Deprivation of Citizenship Orders (Effect during Appeal) Bill Debate
Full Debate: Read Full DebateLord Keen of Elie
Main Page: Lord Keen of Elie (Conservative - Life peer)Department Debates - View all Lord Keen of Elie's debates with the Home Office
(1 day, 17 hours ago)
Lords ChamberMy Lords, I begin by thanking the Minister for his clear exposition of the issue that is addressed in this Bill. I extend my thanks also to other noble Lords who have spoken this evening, albeit that some of the contributions would appear to me to go beyond the scope of the present Bill in seeking to address, for example, the amendment to Section 40 of the 1981 Act.
The Bill concerns one of the most significant powers available to the state: the ability to remove a person’s citizenship when it is deemed conducive to the public good. It is therefore appropriate that this Parliament should give the power the fullest scrutiny and that we should proceed with some caution and considerable care. However, this is not a new power. It is one that successive Administrations have exercised, albeit only in the most serious cases where individuals have posed a threat to our national security.
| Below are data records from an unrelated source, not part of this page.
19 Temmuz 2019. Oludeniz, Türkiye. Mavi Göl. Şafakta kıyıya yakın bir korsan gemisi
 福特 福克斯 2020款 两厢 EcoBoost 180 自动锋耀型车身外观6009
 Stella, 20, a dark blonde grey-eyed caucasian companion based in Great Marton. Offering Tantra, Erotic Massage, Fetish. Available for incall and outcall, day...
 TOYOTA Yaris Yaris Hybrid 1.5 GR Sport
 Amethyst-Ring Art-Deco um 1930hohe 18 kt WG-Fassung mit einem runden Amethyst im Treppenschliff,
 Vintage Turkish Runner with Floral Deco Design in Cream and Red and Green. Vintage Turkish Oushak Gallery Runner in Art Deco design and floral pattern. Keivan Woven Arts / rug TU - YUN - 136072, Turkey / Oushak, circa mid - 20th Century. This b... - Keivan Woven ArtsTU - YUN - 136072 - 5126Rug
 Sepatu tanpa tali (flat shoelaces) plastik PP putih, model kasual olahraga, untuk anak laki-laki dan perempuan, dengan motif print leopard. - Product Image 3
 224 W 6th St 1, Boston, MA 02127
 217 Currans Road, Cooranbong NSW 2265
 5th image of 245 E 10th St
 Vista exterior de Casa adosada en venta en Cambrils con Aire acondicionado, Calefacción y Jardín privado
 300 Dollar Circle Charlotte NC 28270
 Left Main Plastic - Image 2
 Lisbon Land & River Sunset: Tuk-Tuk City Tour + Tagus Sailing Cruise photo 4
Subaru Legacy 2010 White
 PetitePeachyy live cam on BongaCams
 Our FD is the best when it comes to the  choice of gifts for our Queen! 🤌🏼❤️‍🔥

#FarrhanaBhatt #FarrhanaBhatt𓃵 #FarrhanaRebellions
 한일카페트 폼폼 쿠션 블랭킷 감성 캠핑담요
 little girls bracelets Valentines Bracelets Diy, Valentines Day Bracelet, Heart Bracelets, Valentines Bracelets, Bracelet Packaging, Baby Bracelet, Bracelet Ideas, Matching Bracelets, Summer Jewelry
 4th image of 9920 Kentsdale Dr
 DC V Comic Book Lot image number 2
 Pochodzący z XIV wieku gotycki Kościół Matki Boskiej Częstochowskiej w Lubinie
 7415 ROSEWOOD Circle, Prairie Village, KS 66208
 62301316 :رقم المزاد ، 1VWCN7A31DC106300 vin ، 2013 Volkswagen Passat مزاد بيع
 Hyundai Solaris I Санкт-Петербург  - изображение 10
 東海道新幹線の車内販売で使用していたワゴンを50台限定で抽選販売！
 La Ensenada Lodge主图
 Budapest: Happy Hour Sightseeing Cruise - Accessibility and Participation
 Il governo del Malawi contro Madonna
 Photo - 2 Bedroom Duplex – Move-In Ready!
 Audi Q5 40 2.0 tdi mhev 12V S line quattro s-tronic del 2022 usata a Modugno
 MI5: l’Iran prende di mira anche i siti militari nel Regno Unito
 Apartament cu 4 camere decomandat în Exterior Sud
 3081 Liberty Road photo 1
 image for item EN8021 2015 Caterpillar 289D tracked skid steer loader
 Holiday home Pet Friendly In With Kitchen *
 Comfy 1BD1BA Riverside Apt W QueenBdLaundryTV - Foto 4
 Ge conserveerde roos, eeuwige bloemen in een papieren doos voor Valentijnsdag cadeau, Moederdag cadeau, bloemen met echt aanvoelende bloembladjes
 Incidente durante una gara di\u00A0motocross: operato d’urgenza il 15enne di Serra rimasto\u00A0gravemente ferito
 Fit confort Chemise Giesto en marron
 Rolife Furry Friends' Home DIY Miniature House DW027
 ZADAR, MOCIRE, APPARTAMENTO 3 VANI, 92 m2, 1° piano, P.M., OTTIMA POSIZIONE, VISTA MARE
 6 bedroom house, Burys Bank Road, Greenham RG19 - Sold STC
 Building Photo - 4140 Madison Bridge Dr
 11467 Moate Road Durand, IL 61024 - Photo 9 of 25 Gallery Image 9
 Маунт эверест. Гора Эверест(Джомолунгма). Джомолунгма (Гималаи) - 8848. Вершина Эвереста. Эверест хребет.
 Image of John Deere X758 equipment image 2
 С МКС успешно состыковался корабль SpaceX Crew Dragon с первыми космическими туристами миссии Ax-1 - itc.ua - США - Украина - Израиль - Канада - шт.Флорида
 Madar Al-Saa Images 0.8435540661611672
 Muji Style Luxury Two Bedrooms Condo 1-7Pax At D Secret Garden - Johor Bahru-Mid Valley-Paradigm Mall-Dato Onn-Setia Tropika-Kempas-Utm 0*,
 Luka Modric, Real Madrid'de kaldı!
Some comment was made about the increasing number of instances in which deprivation has taken place but, as the noble Lord, Lord Carlile, observed, over the period since the provision came into force, we have seen an evolution of the terrorist threat that is faced by this country.
The right to determine the conditions of citizenship is a core attribute of sovereignty and clearly recognised under international law. Obviously, it must be exercised responsibly and in accordance with due process, but, following the recent Supreme Court judgment that has been referred to, this Bill seeks to restore the balance that was deemed to exist prior to that decision earlier this year.
The court’s ruling created a severe problem with respect to the effect of deprivation orders during an appeal process, with the result that there could be an undermining of public safety. Indeed, consequent upon the decision of the Supreme Court, where a tribunal overturned a deprivation order, that decision would take immediate effect even before the Government had exhausted their rights of appeal. I would indicate to the noble Lord, Lord Jay, that a right of appeal is not liable to take five to seven years. Albeit that we have considerable delays in the Crown Courts of this country, we have moved on from Jarndyce and Jarndyce.
Clearly, where the Supreme Court decision would have applied, it would have been open to an individual who was considered to be a serious security risk to this country to return to or enter this country during an appeal process. That would have been properly regarded as an unacceptable risk.
We agree with the Government that it is appropriate that this narrow and targeted measure should be taken. After all, the first duty of any Government is the security of the nation and the security of the people. We would champion, as do the Government, effective counterterrorism measures, including the reform proposed in this Bill.
I welcome the assurance from the Minister that the Bill does not alter the substantive grounds on which citizenship can be removed, nor diminish the right of appeal itself. It merely clarifies the issue following the Supreme Court decision. Of course, public confidence in this power depends not only on its necessity but on its consistent and judicious employment. The Government must continue to ensure that every deprivation decision is taken only after the most robust and rigorous assessment with appropriate safeguards in place. Those safeguards are in place through the application of Section 40 of the 1981 Act. I nevertheless ask the Minister to reassure us that the Home Office will continue to use deprivation powers carefully and only when there is the clearest justification in each individual case.
The Bill is not a sweeping reform but a measured correction to protect national security and uphold Parliament’s original intent with regard to these statutory provisions. It preserves our right to defend the nation state within the bounds of legality and due process. Therefore, we on these Benches support that aim. After all, the first duty of Government is to protect the nation state and the British people. There is always a balance to be achieved between liberty and security. It is never simple to achieve, but with this Bill we believe the Government have rightly struck the appropriate balance, and that is why we lend our support to it.
Finally, I merely observe that there is some constitutional significance to this Bill, inasmuch as it illustrates how our sovereign Parliament can move swiftly to reverse a decision of the United Kingdom’s Supreme Court when the public interest is perceived by Parliament to trump legal niceties.